暂时是无事的,就象武则天,一开始大仁大义,一旦大局注定,秋后慢慢算吧。

可是不悔!

然而疏奏呈上后,他左等右等,居然风平浪静,碧空万里,就象那个郑家子写的一样,桐和荻贺叶瑟瑟,蜂飞蝶庆舞翩翩。河水无阻向海去,一路铺绿到天涯。粼光弹奏黄金曲,青藻编织碧玉钗。绕樯紫薇飞双燕,傍水芷兰发岸花。朝堂安静祥和,朝堂仍象一个风和日丽的大好春光。

这不大可能啊。

自己官职低,掀不起多大风浪,可这样的一封疏奏上去后,也会引发一场小型的风暴,不该如此详和。

老太太在搞什么?

查了一查,他的奏折根本没有呈上去。

其实后来人多胡说八道,说范仲淹在秘阁校理这段时间里,经常与皇帝见面,赵祯是偶尔会去秘阁看书,可有范仲淹上去攀谈的份吗?

这份奏折被政事堂直接扣压下来。

领导班子换了一批人,首相吕夷简,次相夏竦、薛奎,枢密使陈尧佐。

对夏竦这个人后来很有争议,可没有他的手腕与皮厚,根本没有办法在欧阳修这些牙尖齿利的大臣眼皮底下存活。吕夷简同样有争议,可这时候他犯得着与一个小小的范仲淹过不去吗。薛奎权知开封府时,以严为治,京师为之肃清,权贵畏之,私下称绰号为薛出油,这个人肯定不会对范仲淹安坏心的。陈尧佐来历有些大,一门三兄弟,三进士二状元,他哥哥陈尧叟与弟弟陈尧咨皆是状元。这简直太可怕了,三兄弟老子陈省华待客时,将三个儿子往外一拎,害得人家都不敢登门。

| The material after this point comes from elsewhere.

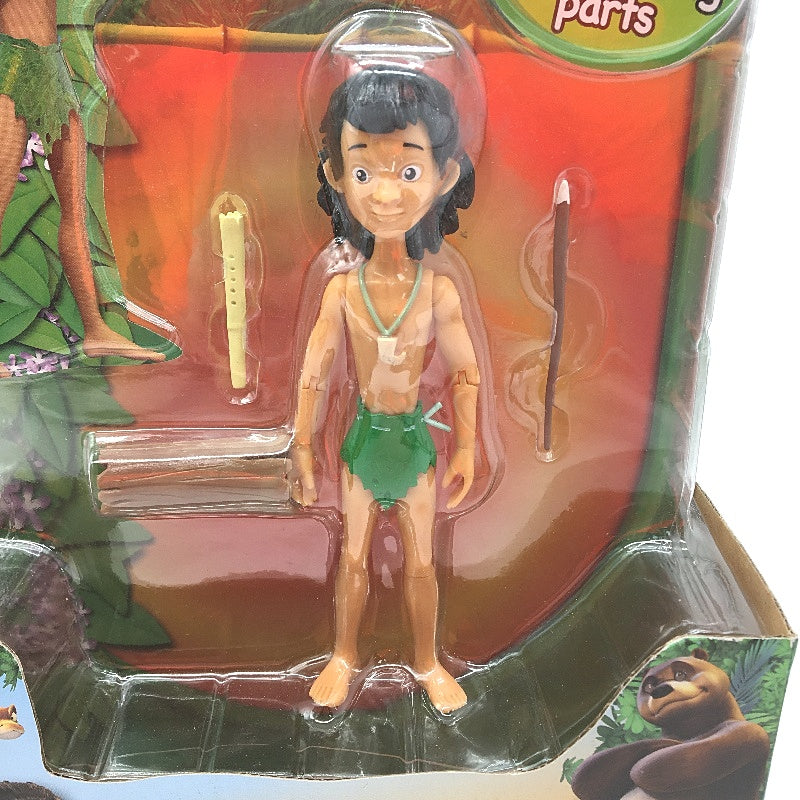 The Jungle Book 2 Pk  Articulated Action Figure Collectables 'Bagheera'&'Mowgli'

不过政绩只有陈尧佐还可以,特别是陈尧叟,澶渊之役时,就是他带着劝皇帝逃向江南的,结果被寇准一顿扁后,才停了刮躁。但陈尧佐的政绩也仅在地方,到了朝堂后,反而胆子变得很小,几乎不作为。

肯定也不会对范仲淹起坏心。

几个大佬还真安了好心。你上这份疏后,老太太就退下来?等着倒大霉吧。我们将它压下来,这件事也就遮过去了,老太太手腕虽高明,但杀戳心远不及武则天。事后就是听闻,也会当作没有发生过。

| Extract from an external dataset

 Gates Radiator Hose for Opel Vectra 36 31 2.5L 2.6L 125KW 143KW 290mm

范仲淹慢慢将这一节明白过来,叹息一声。食君之禄,忠君之事,该说的该做的,自己也说了也做了。多少也要考虑人家的感受。再说,自己职位小,就是想越级进言,都没有门路。

可是看到朝政如此,他也不想与这些软货同流共污,于是主动上书辞职,你们将我调到外地吧。

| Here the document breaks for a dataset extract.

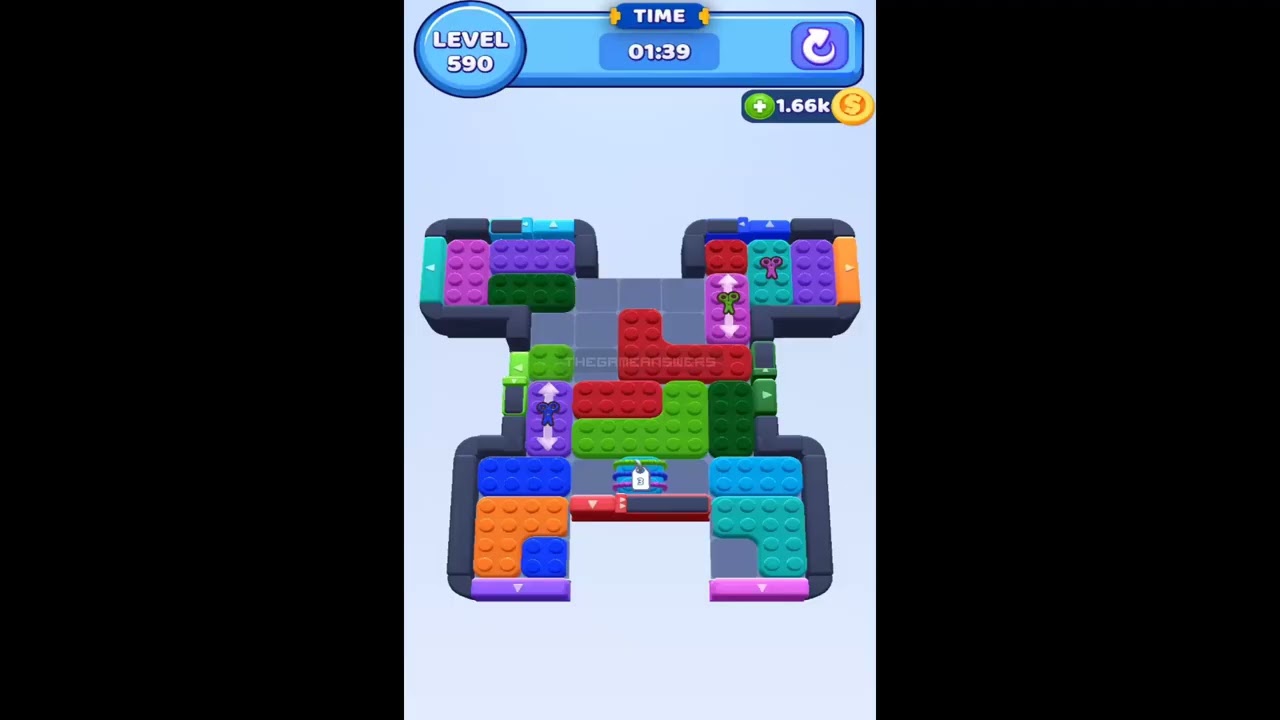 Color Block Jam Level 590 - YouTube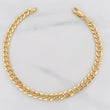 Pulso Cubano 3.95g / 20.05cm / 5.21mm Oro Amarillo 18K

几个大佬一见大喜,这小子纯是一把伤人又伤己的利剑,还是让他到地方上打磨打磨吧。这一次反应超级快,任命范仲淹为河中府的判官,即日上任,马上出京,走得越快越好。

还不放心,自范仲淹准备动身,就派了门人打听消息,上了御街,哦,要离开了。出了南薰门,哦,出了内城,向外城出发了。这一回这小子终于走了,几位大佬相视一眼,长松了一口气。

咱伤不起啊。

没有说,一切皆在不言中。

……

但这不是一件小事,想瞒也瞒不住的,秘阁里的同僚,还有许多慕名前来的官员,甚至还有一些布衣儒生,比如儒生林献可,同样从并州调到京城担任一名小官吏的刘涣,监察御史蒋堂、杨偕等等,一起前来为范仲淹送行。

对这个,几个大佬没有办法,物以类聚,人以群分,皆是一群顽固不化之徒,如果管得紧,说不定来一个上书,惹得一身臭气。

罪盔祸首离开就好。

一行人将范仲淹送到了城外的长亭,这也是朝廷有意的安排,设一个长亭,送人送到长亭外,多诗意雅意。柳永的相好,就是将柳永送到这座长亭,才洒泪回去的。只是没有想到,让娄烟派人堵上了。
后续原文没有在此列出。